A, High‐fat/fructose diet (HFFD)+MI increased AMPK (adenosine‐monophosphate activated kinase) phosphorylation in males compared with chow+MI, which was attenuated by HFFD+HTN+MI. No changes in total AMPK levels were observed among groups. B, HFFD+MI increased Akt (protein kinase B) phosphorylation in males and females compared with chow+MI controls, which was attenuated by HFFD+HTN+MI; no changes in total Akt were observed. C, Increased acetyl CoA carboxylase phosphorylation was observed in both HFFD+MI and HFFD+HTN+MI males compared with chow+MI; while total acetyl CoA carboxylase was unchanged. In females, HFFD+MI increased acetyl CoA carboxylase phosphorylation and total acetyl CoA carboxylase compared with chow+MI, which was attenuated by HFFD+HTN+MI. D, No significant differences were observed in pyruvate dehydrogenase phosphorylation or total pyruvate dehydrogenase levels among groups. E, HFFD+MI increased PPAR‐γ (peroxisome proliferator activated receptor gamma) in males compared with chow+MI, which was attenuated by HFFD+HTN+MI. No differences in PGC‐1α (peroxisome proliferator‐activated receptor gamma coactivator 1‐alpha) were observed among groups. F, Plasma leptin was significantly increased in HFFD+MI males and females; this effect trended to be further increased in HFFD+HTN+MI males but was attenuated in HFFD+HTN+MI females. Plasma adiponectin was significantly increased in HFFD+MI males, which was attenuated by HFFD+HTN+MI. In females, plasma adiponectin was significantly decreased by HFFD+HTN+MI compared with chow+MI and HFFD+MI controls. *P<0.05 vs chow+MI, ^# P<0.05 vs HFFD+MI. Group numbers: n=8, chow+MI male; n=7, HFFD+MI male; n=7, HFFD+HTN+MI male; n=6, chow+MI female; n=7, HFFD+MI female; n=6, HFFD+HTN+MI female. ACC indicates acetyl CoA carboxylase; AMPK, adenosine‐monophosphate activated kinase; HFFD, high‐fat/fructose diet; HTN, hypertension; MI, myocardial infarction; PDH, pyruvate dehydrogenase; PGC‐1α— peroxisome proliferator‐activated receptor gamma coactivator 1‐alpha; and PPAR‐γ, peroxisome proliferator activated receptor gamma.

Discussion

The major new finding of our study is that obesity alone, in the absence of hypertension, increased post‐MI mortality and that the presence of hypertension further increased mortality after MI, with the majority of deaths occurring because of congestive heart failure rather than rupture of the LV. We chose the 7‐day time point to assess changes in mortality, as the majority of post‐MI deaths in mice occur by day 7, ²⁶ as well as maturation of the infarct collagenous scar tissue and maximal decreases in LV function. ²⁷ , ²⁸ In surviving mice, obesity‐hypertension was associated with adverse remodeling, including exacerbated LV hypertrophy and pulmonary injury, as evidenced by the increase in lung dry weight. ²⁵ Our results indicate that obesity‐hypertension negatively impacts the post‐MI remodeling response in adult male and female mice.

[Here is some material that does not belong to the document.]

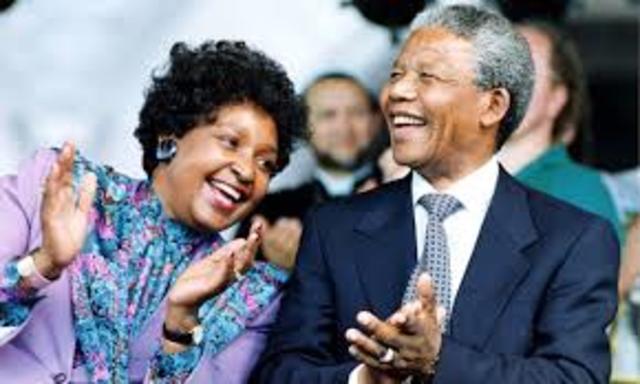 Marries Winnie Madikizela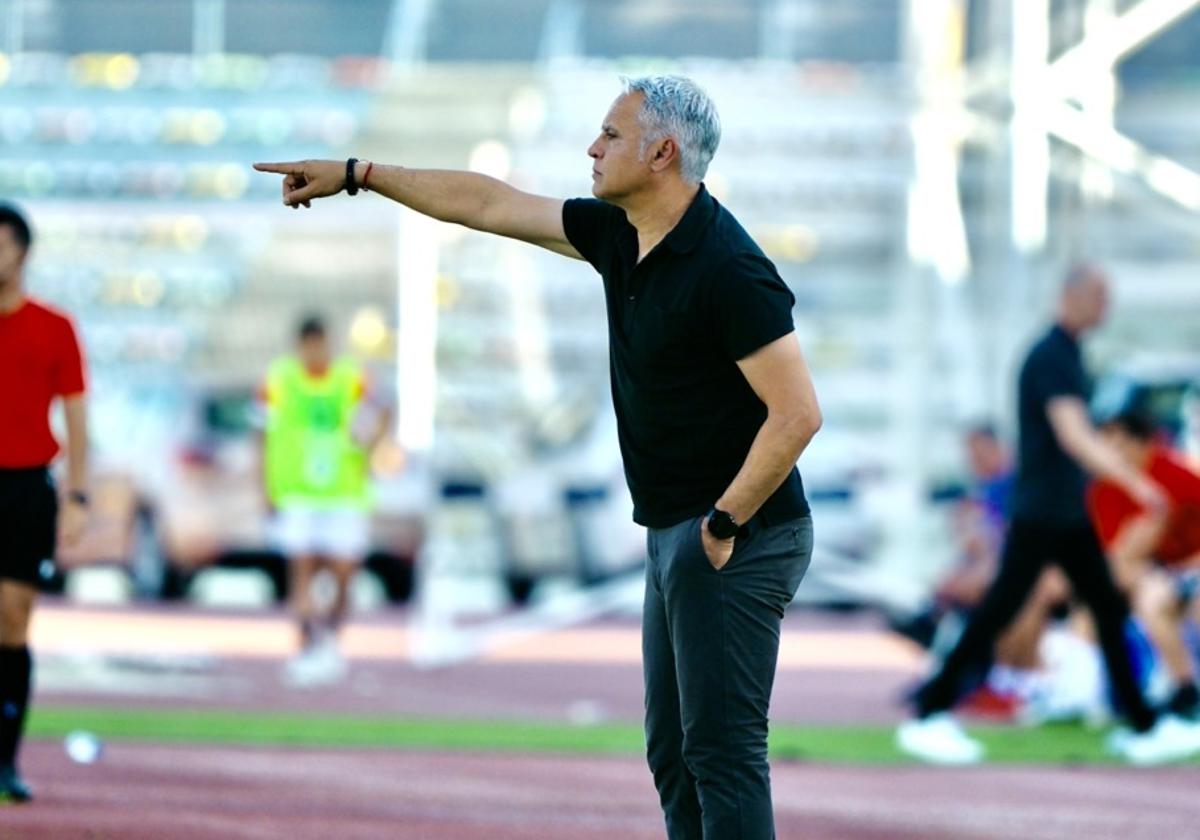 El entrenador del Málaga, Sergio Pellicer, en un momento del partido contra el San Fernando.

In the absence of hypertension, obesity was associated with some favorable metabolic and functional effects on the post‐MI heart in males, despite decreasing survival. Obese males displayed upregulation of cardioprotective signaling pathways, including AMPK and PPAR‐γ. However, these effects were negated when hypertension was present. Because hypertension is often associated with obesity in humans, but not in many mouse models of obesity, our findings also suggest that the impact of prior hypertension and associated cardiac remodeling should be considered when assessing the impact of obesity on MI outcomes. Despite some favorable metabolic and functional effects on the heart after MI, the overall effect of obesity is to increase mortality, especially when hypertension coexists.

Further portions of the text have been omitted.